The University
of California again will implement a waitlist process for fall 2011 admissions.
All campuses except Los Angeles and Merced will use waitlists for their
freshman pools. Davis and San Diego also will have a transfer waitlist, and
Irvine is considering the option for transfers.
The university enrolls more than 11,570 students for whom it receives no state funding. A waitlist is an enrollment management tool that enables campuses to attain their enrollment targets with greater precision while offering a space to as many deserving students as possible.

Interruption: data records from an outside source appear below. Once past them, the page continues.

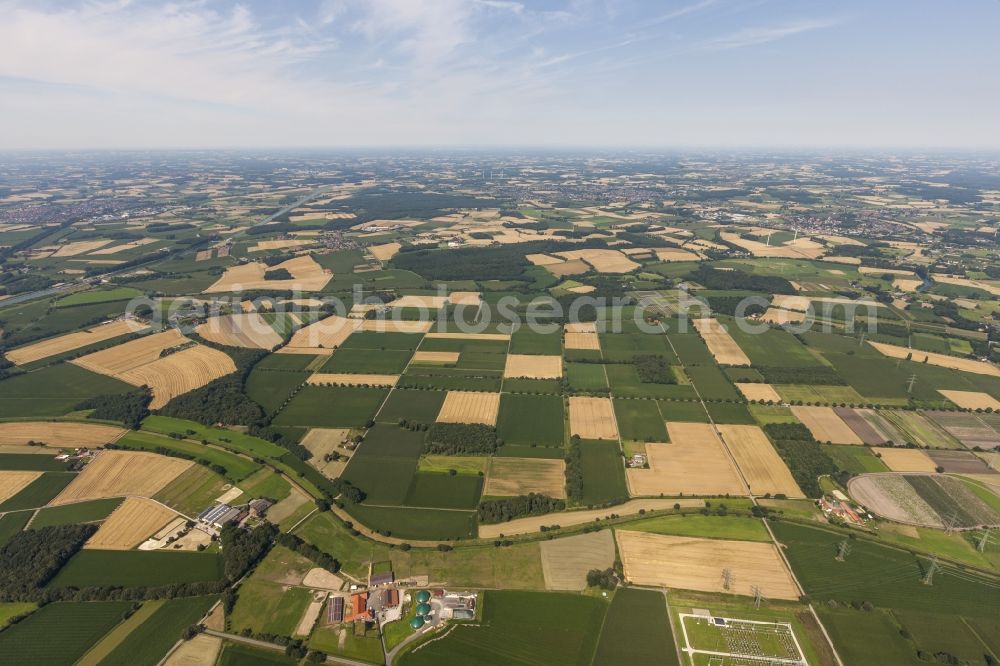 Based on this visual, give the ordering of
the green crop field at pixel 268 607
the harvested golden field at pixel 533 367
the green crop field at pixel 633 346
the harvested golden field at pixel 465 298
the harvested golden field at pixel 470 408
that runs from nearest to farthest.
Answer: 1. the green crop field at pixel 268 607
2. the harvested golden field at pixel 470 408
3. the harvested golden field at pixel 533 367
4. the green crop field at pixel 633 346
5. the harvested golden field at pixel 465 298

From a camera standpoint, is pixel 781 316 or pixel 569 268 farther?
pixel 569 268

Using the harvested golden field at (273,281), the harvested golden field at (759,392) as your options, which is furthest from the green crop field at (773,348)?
the harvested golden field at (273,281)

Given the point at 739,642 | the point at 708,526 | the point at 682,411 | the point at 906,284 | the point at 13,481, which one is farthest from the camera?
the point at 906,284

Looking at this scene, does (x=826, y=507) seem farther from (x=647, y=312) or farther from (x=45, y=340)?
(x=45, y=340)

Each campus will manage its own waitlist, but certain principles will guide the process at all:
- Participating campuses will invite a subset of their denied applicants — those who came closest to being admitted in the campus's comprehensive review process but didn't quite make it — to indicate their interest in being on a waitlist. Waitlist offers will be made by the end of March for freshman applicants and the end of April for transfers.
- Applicants may receive waitlist offers from multiple campuses and can accept as many as they wish.
- After processing Statements of Intent to Register (SIR) in early May, campuses will analyze likely enrollment and accept students from their waiting lists if they anticipate not reaching their targets. Acceptance offers will be sent to wait-listed freshman applicants by June 1 and to wait-listed transfer applicants no later than July 1.
- Preliminary financial aid awards will be sent at the time students are notified of waitlist offers, provided applicants submitted a Free Application for Federal Student Aid by the March 2 priority deadline. Additionally, SIRs of wait-listed students will be considered on time for purposes of housing and orientation if they are submitted by the deadline stated in the offer of admission.
- Campuses will still consider appeals. Applicants who feel they have grounds for an appeal should submit one, but they should keep in mind that the purpose of the appeals process is to deal with errors and compelling new information and hardship. Students cannot appeal for a spot on the waitlist.
Eligible applicants who don't receive an admission offer from any campus to which they applied will be offered admission at a campus that has room, even if they are on the waiting list at another campus.
In the fall 2010 admissions cycle, the first time waitlists were used broadly, a total of 11,703 waitlist offers were extended to freshman applicants across all campuses except UCLA and UC Merced. Two campuses — UC Davis and UC Santa Barbara — were the only two campuses to admit significant numbers of students off their waitlists. These campuses yielded more than 40 percent of students admitted off the waitlist.